Zeno Greenwood, an associate professor of physics, said the Collider is a large circular machine that launches beams of particles into one another. He said that the resulting collisions allow us to see what these particles are made of.

 

“It has very strong magnetic fields,” Greenwood said. “This causes the two beams to collide.”

 

Greenwood said that Tech is involved in the project measuring the particles these collisions produce. Known as the A Toroidal LHC Apparatus, or ATLAS project, it is one of two similar projects at the Collider.

 

“You can think of the ATLAS detector as a cylindrical onion,” Greenwood said. “It determines how fast, and in what direction, the particles made by these

proton collisions are going.”

 

Lee Sawyer, an associate professor of physics, said Tech  has students working in Geneva, Switzerland, where the ATLAS project is located.

 

“We’ve got one post-doctorate student there full-time,” he said. “One graduate student is over there, too.

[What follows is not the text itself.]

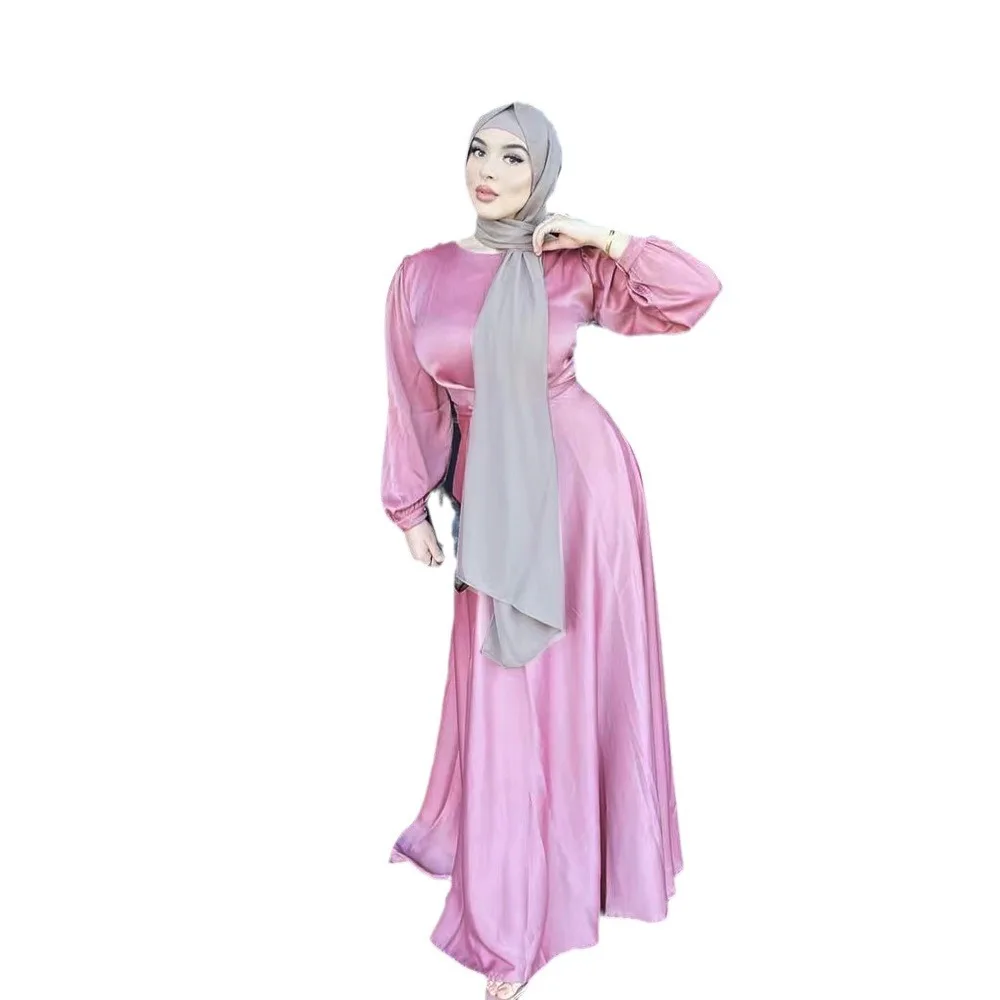 Средневосточный однотонный халат и платье до щиколотки в стиле Саудовской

We try to rotate them out.”

 

Sawyer said while discoveries are being made consistently, it is hard work.

 

“There’s these scientists doing all this cool work, but that also means you’ve got to sign up for owl shifts from midnight to 3 a.m. and that’s not quite so glamorous.”

 

The Collider has been covered by every news station from CBS to CNN for the tentative discovery of the Higgs Boson.

 

Rajivalochan Subramaniam, a physics graduate student, said the discovery of the Higgs Boson would prove the standard model of physics, a theory that seeks to explain the behavior of subatomic particles.

 

“Everything, the theory, the standard model, worked so well,” Subramaniam said. “Except we didn’t have the Higgs Boson. It explains how all the particles get their mass.”

 

Subramaniam said he was stationed in Switzerland from 2010-2012 collaborating with researchers from around the world on the ATLAS project.

 

“In high-level physics, we work as a group,” Subramaniam said. “That’s one thing I really like about it.”

 

Sawyer said he is not fully sold on the idea of this being the only Higgs Boson.

 

“We found a Higgs,” Sawyer said. “However, we might not have found the Higgs. It’s possible that there is more than one type.”

 

Greenwood said the analysis work done by Tech did not lead to the Higgs Boson. He said Tech was involved in searching for other evidence.

 

“We measured other evidence of the standard model,” Greenwood said. “We measured it with more accuracy than has ever been done before.”

 

Greenwood said he is very proud of the impact Tech has had on the ATLAS project.

 

“For a school our size, we’ve contributed quite a bit,” he said. “That’s not just me saying that; we’ve been told that by the United States ATLAS group.”

 

Sawyer said he is excited about the discovery of the Higgs Boson, but is also a little disappointed that the challenge is over.

 

“There were a lot of people rooting for us not to discover it,” he said. “There’s nothing in the world better than when something doesn’t turn out right. Scientists love that.”

 

Sawyer said he would like to make sure the public, especially the critics, know these are not just useless experiments.

 

“This is the most fundamental science there is,” Sawyer said. “We are literally looking at the fundamental building blocks of the universe.”